# Advice req'd on how to make a successful planning objection



## anastasiablu (12 Mar 2014)

Can anyone advise what are the chances of a planning objection being successful on the grounds of appearance, affecting the current row of 90's era standard estate house (dunlaoighre Rathdown) with a plan for a very modern Zinc clad  2 story block extension to front and side. I've seen plenty of these type of extensions which look completely different to the original house built.

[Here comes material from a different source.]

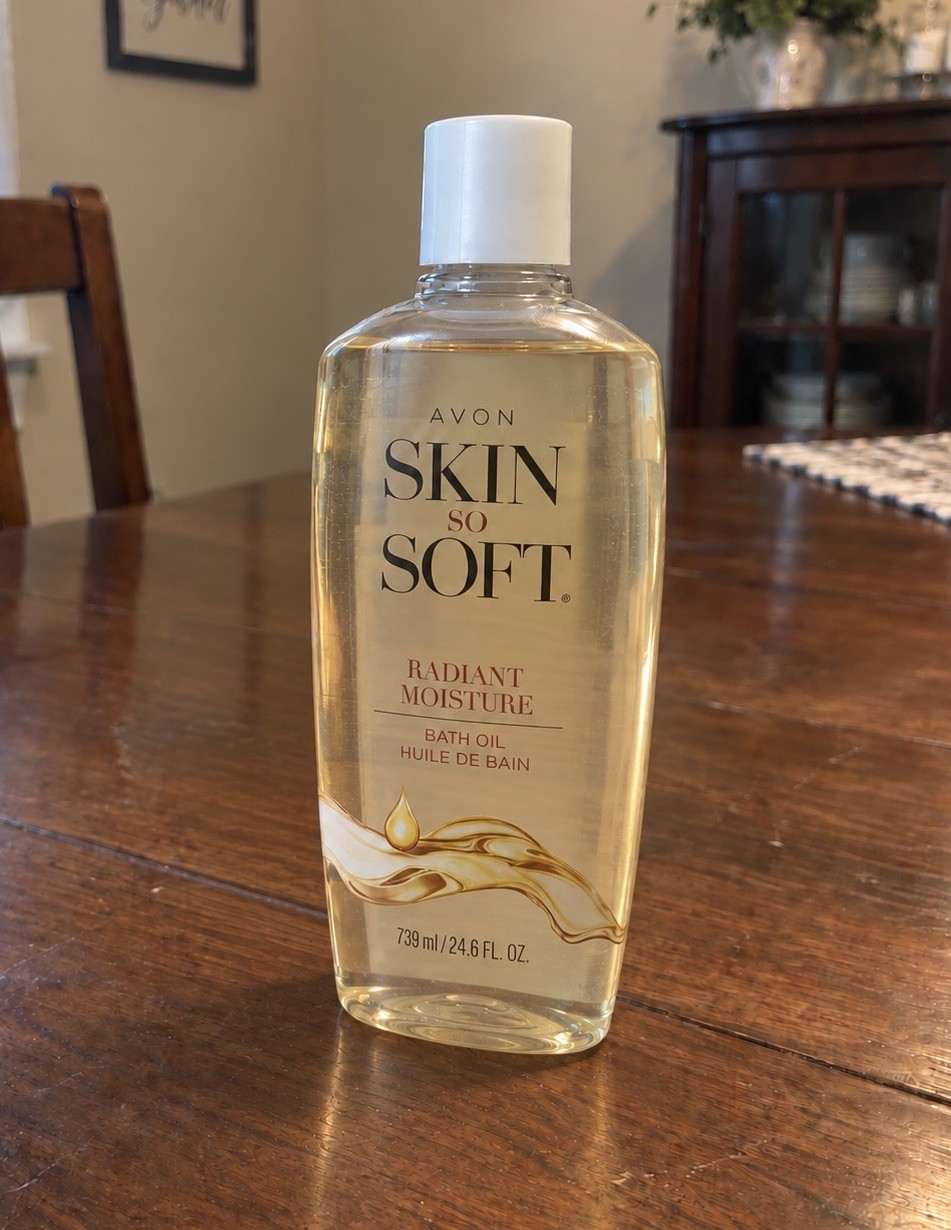 Avon Skin so Soft - Radiant Moisture Bath Oil Bonus Size [24.6 oz]  New & Sealed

If it's a pointless paper exercise, I would leave it and not have a conflict with neighbours. 
Thanks for any advice.


----------



## lowCO2design (14 Mar 2014)

Im confused your neighbour is planning a very modern Zinc clad  2 story block extension to front and side.which is 'affecting' the worst mass 'ticky tack' 


anastasiablu said:


> 90's era standard estate house





> I've seen plenty of these type of extensions which look completely different to the original house built.


why should they look the same?





> If it's a pointless paper exercise, I would leave it and not have a conflict with neighbours.


show us the design?
elevations front & side, context photos and site plan. otherwise ask a local arch for their opinion. 

personally i fail to see the problem. IMHO 90's standard semi-d estate homes are about as interesting as cardboard and common as muck, so why not do something 'very modern' with the design? 

is it because you didn't get there first? or didn't have a the confidence to do such a design with your extension....


----------



## so-crates (14 Mar 2014)

anastasiablu said:


> ...If it's a pointless paper exercise, I would leave it and not have a conflict with neighbours.
> Thanks for any advice.



Am I right in understanding, you would only register your objection on the understanding that you would win? 

If you did win, chances are your neighbours would be less happy with you than if you objected and lost. I don't think winning would prevent "conflict with neighbours" so it isn't a good reason not to object if you feel strongly enough against the proposed development.

Surely if you feel it is not an appropriate development the logical thing is to raise your objection, giving your reasons and then let the planning take its course.


----------